The recent water crisis in Flint, Michigan, showed how vulnerable and unstable our industrial water system really is. Once it was determined that the public water in Flint, Michigan was indeed contaminated with lead and other dangerous substances, thousands of people were literally relegated to standing in lines to wait for bottled water from the government or other aid agencies. People had no idea how to get clean, potable water for themselves.
Living outside of urban areas obviously brings with it a greater access to more sources of fresh water. Springs, rivers, and lakes are more likely to be found in the woods of Wisconsin than in the barrios of Brooklyn. However, the energy cost of getting that water into your homes, and the greenhouse gas emissions that are usually associated with the energetic cost of moving water, usually come with an ecological cost.
Water and Gravity
If you live in a rural area, or a place where a source of water is readily available, the first thing you should be thinking about is how to get water to the top of your site so that you can use gravity to feed your home and the rest of your land or farm. If you have ever tried to carry buckets of water uphill, you can testify to the fact that gravity is by far the best way to move water without depending on any sort of external energy source.

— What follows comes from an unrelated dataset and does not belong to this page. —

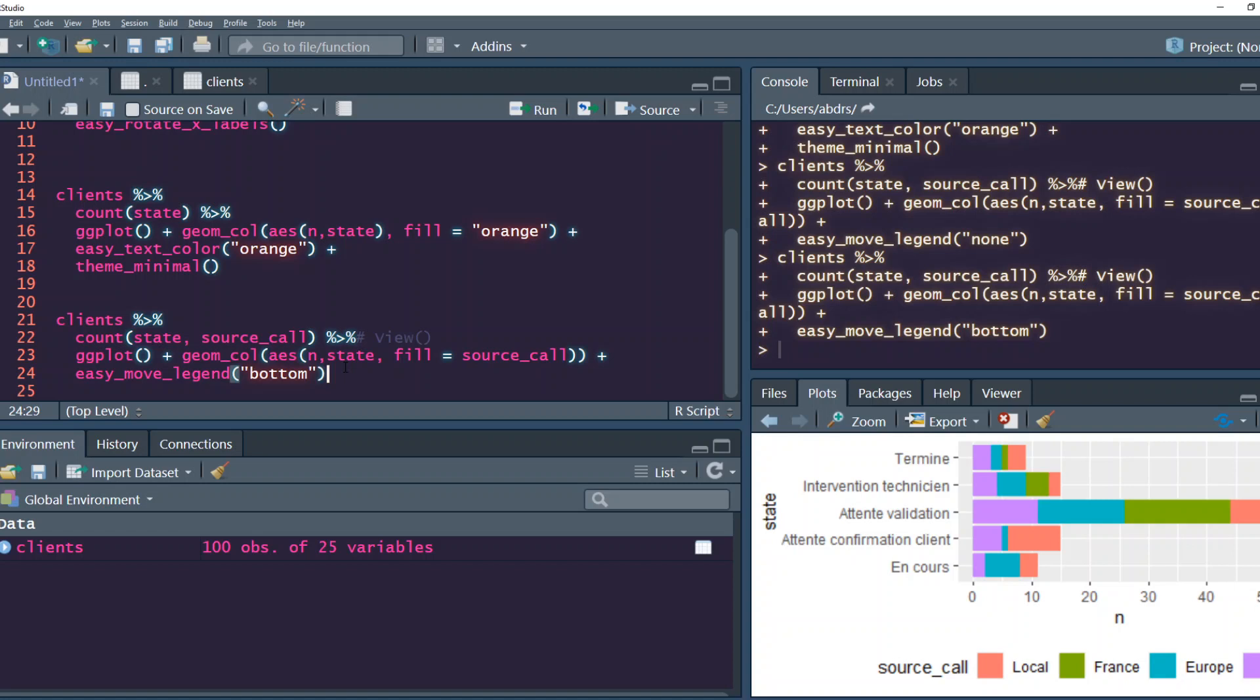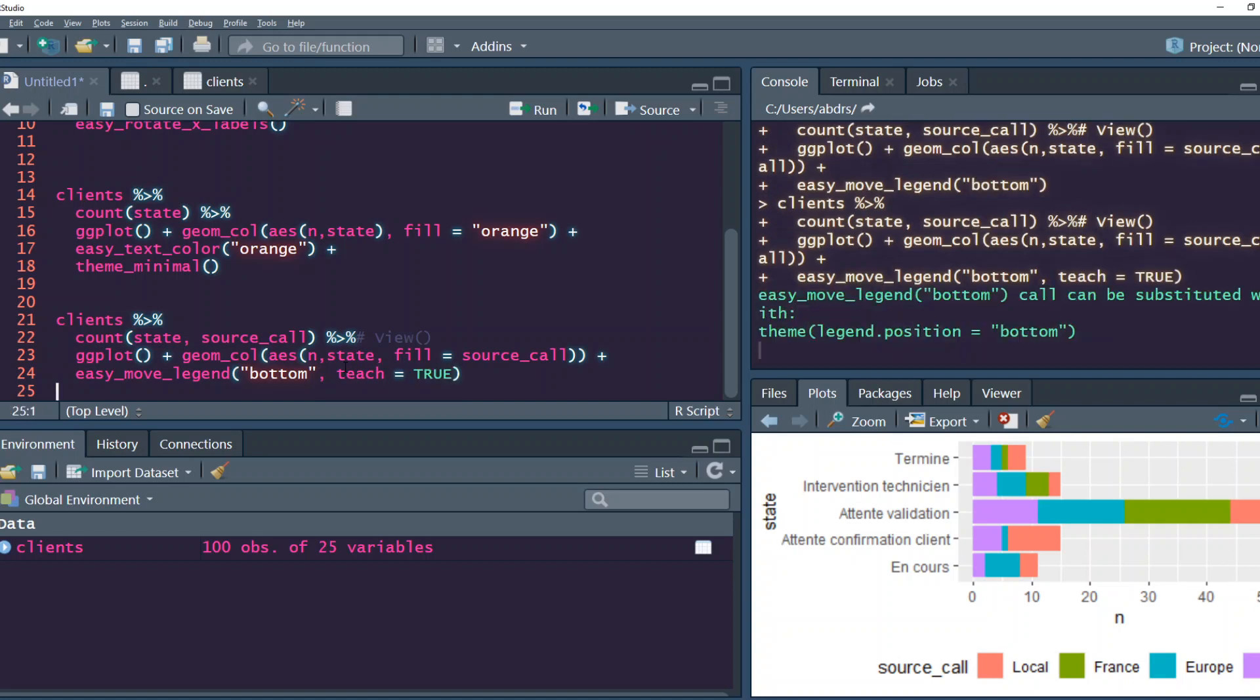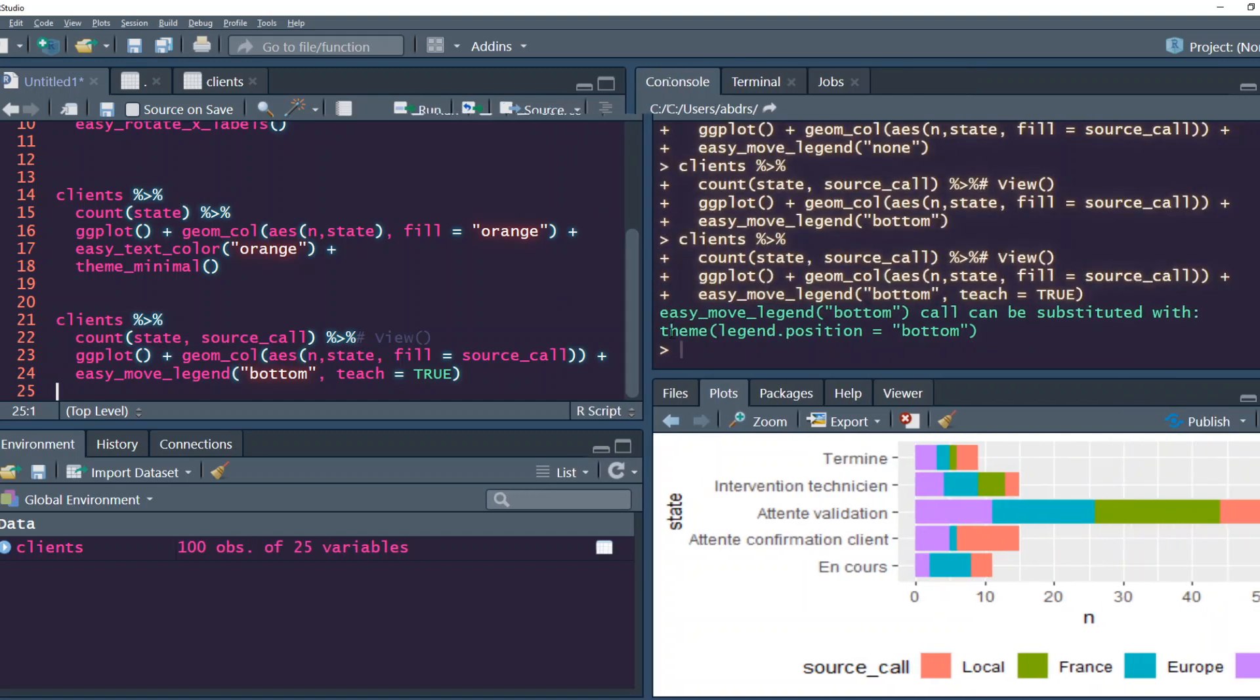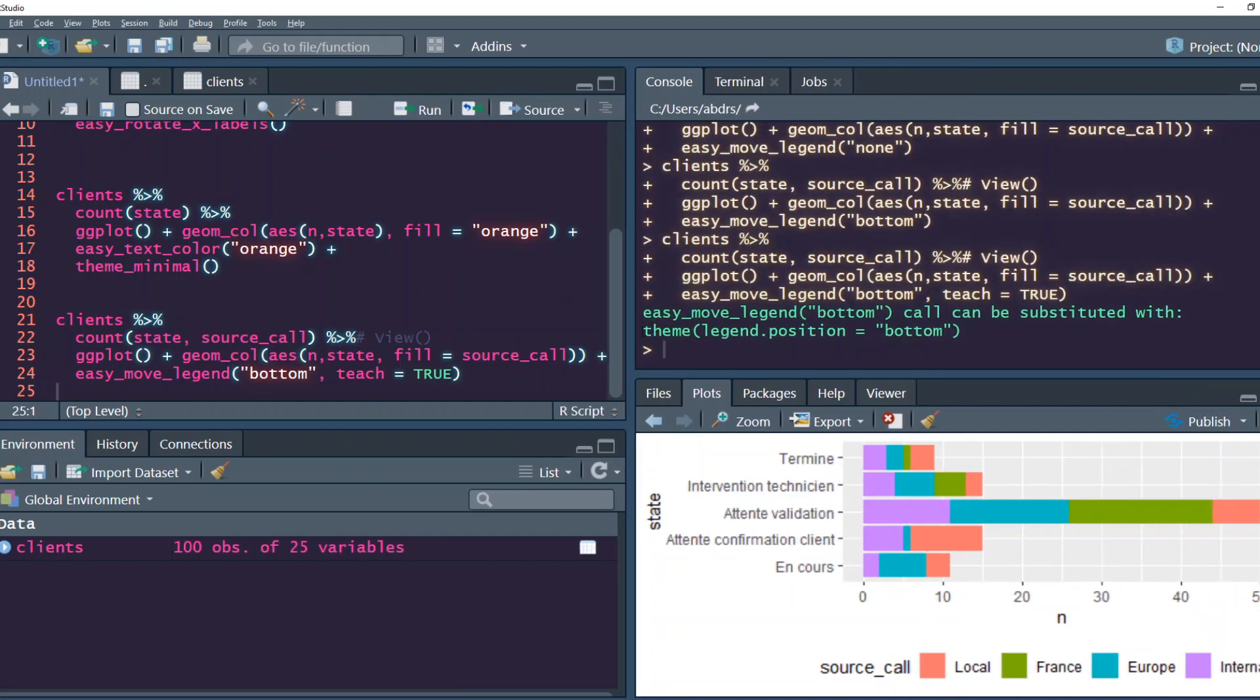Let's say you've done all these things but at the same time you want to not just use ggeasy, you want to start learning how it should be actually done with ggplot theme function. The author has been very kind to add another argument called teach. When you say teach equals true, it actually tells you what you can do using theme that will help you with this change.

When using permaculture design principles to design your landscape, one of the most important things to consider is related to how you can use gravity to feed water to different parts of your land. Where you site your home, where you plan to build a small pond, where your main field crops will be placed: all of these considerations are intricately tied to the availability of water and how it can move from one place on the farm to the next.
Unfortunately, not every site is blessed with a plentiful source of water running through the highest part of the land that can be stored and subsequently moved to other parts of the land. More frequently, water tends to find its way to the lower parts of the land as streams and creeks carve out ravines and rifts that tend to be lower than our ideal house site. While many people settle for using pumps to move that water to higher parts of the land where can more easily be distributed and used, the hydraulic ram pump might offer a more “permacultural” solution to getting water to where you need it without relying on fossil fuel energy.
What is the Hydraulic Ram Pump?
The hydraulic ram pump is a way to move water uphill without relying on electricity, gasoline, or any other sort of polluting energy. The hydraulic ram is an automatic pumping device that uses the energy contained in the flow of water running through it to lift a small volume of water to a higher elevation. In order to get the “lift”, you´ll need to have a reliable source of water that drops at least 3 to 5 feet in height as it crosses your land.
The ram pump works by creating a pressure surge that develops when moving water is suddenly stopped through the use of capped PVC pipes and check valves. Water is heavy and is it rushes downhill through a piping system, it is suddenly stopped by a capped PVC vertical tube. The check valve slams shut, essentially pushing the up a smaller pipe that comes off of the main pipe. This smaller pipe is what carries the water uphill against gravity with nothing more than the energy created by the flowing water.
While there are several differing opinions regarding how far and how high you will be able to pump water with the hydraulic ram pump, a conservative estimate is that there is a 1 to 7 ratio. For every 1 foot of drop (or head) that you have, you will be able to raise water around seven feet. For example, let´s say that you build a small reservoir or small dammed pond at the highest point of where a stream enters your land. The drive pipe of your ram pump exits this small reservoir and drops around 10 feet from one part of your land to another. This ten-foot drop would allow you to pump water close to 70 feet in height towards a higher area of your land.
The Possibilities for Ram Pumps
While hydraulic ram pumps may not work for every situation, if you do have a reliable source of water that you need to move from a low point to a high point, there is no better technology that doesn´t depend on any sort of fossil fuel energy. While hydraulic ram pumps may seem to achieve the impossible by working as the mythical perpetual motion machine, they are incredibly useful tools to use the energy of nature to move water to where it can be most useful for your overall permaculture design.